6. Axion Haloscope Sensitivity to Gravitational Waves

Recent research has shown that axion dark matter detectors, which utilise the photon chiral anomaly to convert axions into photons are also sensitive to gravitational waves through the inverse Gertsenshtein effect [17,18,103]. Assuming, $h_g\sim {\theta }_a$, we may compare the instrument spectral sensitivity of axion haloscope detectors to current operating detectors such as LIGO [3] and MAGE: Multi-mode Acoustic Gravitational-wave Experiment [9,115]. This comparison is shown in Figure 7, and if the proportionality between $h_g$ and ${\theta }_a$ is not exactly unity for an axion halosope, then the axion haloscope sensitivity to gravitational waves may be simply adjusted by this factor.

7. Discussion

The gravity wave community usually characterise the instrument sensitivity of their detectors by determining the spectral strain sensitivity of the detectors. This allowed in the past for narrow band resonant bar gravitational antenna to be compared to broadband laser interferometer detectors. We have introduced a similar way of characterising the spectral sensitivity of axion haloscopes, so that broadband reactive haloscopes may be compared to resonant cavity haloscopes without considering the form of the axion dark matter signal. Since it has been shown that axion haloscopes are also sensitive to gravitational waves, we have used this technique to get an idea of the instrument sensitivity to gravitational waves by comparing them together as shown in Figure 7. This has shown that axion detectors have the capability of searching for high frequency gravitational waves, and in the MHz band offer a way to correlate between detectors of different type, such as comparisons of UPLOAD with MAGE or the Fermilab Holometer [10]. However, the question remains, are these detectors sensitive enough to detect high frequency gravitational waves?
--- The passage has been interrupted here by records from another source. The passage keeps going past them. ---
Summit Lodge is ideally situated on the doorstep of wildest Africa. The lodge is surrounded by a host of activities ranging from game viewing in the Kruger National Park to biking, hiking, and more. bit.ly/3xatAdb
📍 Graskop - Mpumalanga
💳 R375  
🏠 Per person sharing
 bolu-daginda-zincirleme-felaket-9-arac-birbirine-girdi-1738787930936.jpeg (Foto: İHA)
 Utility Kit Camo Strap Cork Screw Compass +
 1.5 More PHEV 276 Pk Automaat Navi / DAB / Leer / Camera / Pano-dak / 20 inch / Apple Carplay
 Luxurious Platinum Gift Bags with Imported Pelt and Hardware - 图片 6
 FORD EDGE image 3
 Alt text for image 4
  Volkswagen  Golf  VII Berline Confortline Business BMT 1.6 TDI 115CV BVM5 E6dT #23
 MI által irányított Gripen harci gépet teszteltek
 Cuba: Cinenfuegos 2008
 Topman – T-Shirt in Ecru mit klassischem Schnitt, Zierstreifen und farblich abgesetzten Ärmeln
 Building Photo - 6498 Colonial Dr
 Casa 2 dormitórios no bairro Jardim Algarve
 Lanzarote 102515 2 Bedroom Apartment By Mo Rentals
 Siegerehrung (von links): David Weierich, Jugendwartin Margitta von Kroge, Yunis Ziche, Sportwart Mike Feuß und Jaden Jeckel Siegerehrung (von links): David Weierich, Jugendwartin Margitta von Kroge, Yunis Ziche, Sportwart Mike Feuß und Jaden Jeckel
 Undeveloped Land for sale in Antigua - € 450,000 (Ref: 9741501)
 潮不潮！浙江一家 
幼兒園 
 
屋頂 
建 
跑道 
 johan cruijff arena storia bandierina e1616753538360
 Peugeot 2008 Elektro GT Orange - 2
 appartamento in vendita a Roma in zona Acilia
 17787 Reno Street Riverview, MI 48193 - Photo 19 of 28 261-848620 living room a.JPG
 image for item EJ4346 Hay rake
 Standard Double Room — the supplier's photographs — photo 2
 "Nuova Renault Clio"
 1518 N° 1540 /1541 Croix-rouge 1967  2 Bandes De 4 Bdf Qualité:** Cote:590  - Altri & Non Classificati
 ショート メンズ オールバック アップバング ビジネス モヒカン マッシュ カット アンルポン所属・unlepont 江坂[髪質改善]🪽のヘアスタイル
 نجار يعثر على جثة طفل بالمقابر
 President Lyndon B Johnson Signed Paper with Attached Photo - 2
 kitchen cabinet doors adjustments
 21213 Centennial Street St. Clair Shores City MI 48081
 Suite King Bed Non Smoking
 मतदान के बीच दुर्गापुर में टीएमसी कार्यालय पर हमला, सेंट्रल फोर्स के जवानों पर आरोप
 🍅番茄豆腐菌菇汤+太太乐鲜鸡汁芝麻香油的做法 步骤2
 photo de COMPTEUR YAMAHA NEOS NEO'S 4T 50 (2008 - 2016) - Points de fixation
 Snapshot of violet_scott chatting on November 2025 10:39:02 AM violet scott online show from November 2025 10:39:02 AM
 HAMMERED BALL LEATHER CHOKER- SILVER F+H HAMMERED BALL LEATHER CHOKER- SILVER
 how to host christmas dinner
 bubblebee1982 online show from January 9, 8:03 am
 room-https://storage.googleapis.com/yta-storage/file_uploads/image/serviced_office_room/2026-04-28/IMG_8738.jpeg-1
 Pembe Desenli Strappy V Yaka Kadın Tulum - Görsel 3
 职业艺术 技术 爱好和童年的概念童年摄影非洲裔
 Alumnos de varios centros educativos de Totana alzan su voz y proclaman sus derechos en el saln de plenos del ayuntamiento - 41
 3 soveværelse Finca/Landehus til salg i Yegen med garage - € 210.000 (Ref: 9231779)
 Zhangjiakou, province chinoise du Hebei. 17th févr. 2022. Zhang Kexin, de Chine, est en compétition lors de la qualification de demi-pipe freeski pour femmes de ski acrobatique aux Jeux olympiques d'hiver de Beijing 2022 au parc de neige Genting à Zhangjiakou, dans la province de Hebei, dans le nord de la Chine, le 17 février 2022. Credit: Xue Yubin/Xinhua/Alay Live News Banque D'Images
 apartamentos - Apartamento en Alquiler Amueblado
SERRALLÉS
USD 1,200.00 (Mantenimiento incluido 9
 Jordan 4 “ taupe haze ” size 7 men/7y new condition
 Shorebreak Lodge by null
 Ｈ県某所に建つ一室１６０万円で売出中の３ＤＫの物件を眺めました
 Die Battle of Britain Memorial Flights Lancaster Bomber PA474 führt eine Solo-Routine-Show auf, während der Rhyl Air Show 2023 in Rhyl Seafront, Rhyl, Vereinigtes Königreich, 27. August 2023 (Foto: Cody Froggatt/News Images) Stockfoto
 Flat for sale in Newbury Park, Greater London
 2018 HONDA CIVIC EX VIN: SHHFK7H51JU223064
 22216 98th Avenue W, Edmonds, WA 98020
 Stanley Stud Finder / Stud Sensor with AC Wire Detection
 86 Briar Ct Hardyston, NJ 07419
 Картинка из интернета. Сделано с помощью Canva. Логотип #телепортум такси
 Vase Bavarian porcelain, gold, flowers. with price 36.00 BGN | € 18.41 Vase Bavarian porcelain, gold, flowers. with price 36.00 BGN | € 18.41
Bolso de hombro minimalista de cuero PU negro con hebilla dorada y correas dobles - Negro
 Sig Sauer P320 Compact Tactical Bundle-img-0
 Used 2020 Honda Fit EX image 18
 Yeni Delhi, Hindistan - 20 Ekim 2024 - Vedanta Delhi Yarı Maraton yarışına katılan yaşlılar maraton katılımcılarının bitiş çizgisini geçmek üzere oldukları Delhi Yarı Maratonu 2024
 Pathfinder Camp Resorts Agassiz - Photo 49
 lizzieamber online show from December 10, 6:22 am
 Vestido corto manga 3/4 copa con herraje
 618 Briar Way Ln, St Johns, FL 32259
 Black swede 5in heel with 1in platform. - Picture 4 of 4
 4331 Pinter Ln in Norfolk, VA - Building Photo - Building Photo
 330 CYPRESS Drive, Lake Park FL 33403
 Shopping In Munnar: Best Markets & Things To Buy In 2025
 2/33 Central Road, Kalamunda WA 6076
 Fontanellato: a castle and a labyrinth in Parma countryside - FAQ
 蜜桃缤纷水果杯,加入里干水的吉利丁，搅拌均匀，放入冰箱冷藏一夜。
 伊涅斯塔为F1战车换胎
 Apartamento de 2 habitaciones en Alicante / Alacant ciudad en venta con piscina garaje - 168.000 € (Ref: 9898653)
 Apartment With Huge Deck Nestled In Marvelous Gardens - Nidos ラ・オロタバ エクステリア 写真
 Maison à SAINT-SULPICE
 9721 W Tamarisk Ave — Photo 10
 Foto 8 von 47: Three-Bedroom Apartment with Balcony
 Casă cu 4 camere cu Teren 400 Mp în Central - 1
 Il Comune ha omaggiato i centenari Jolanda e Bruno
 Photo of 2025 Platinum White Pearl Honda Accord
Unlike LIGO, which regularily detects sources in the 100 Hz–1 kHz band, there is a lack of standard sources higher than MHz frequencies. However, exploring these frequencies gives us a chance to explore beyond standard model physics, as outlined in the past [4], and a recent white paper on the subject [7]. Furthermore, existing and future data from axion detectors can be used to search for HFGWs by just implementing different optimal filters or templates, so the cost of this search only requires additional effort on the data analysis side, and constructing new detectors is not necessary for initial searches at these frequencies.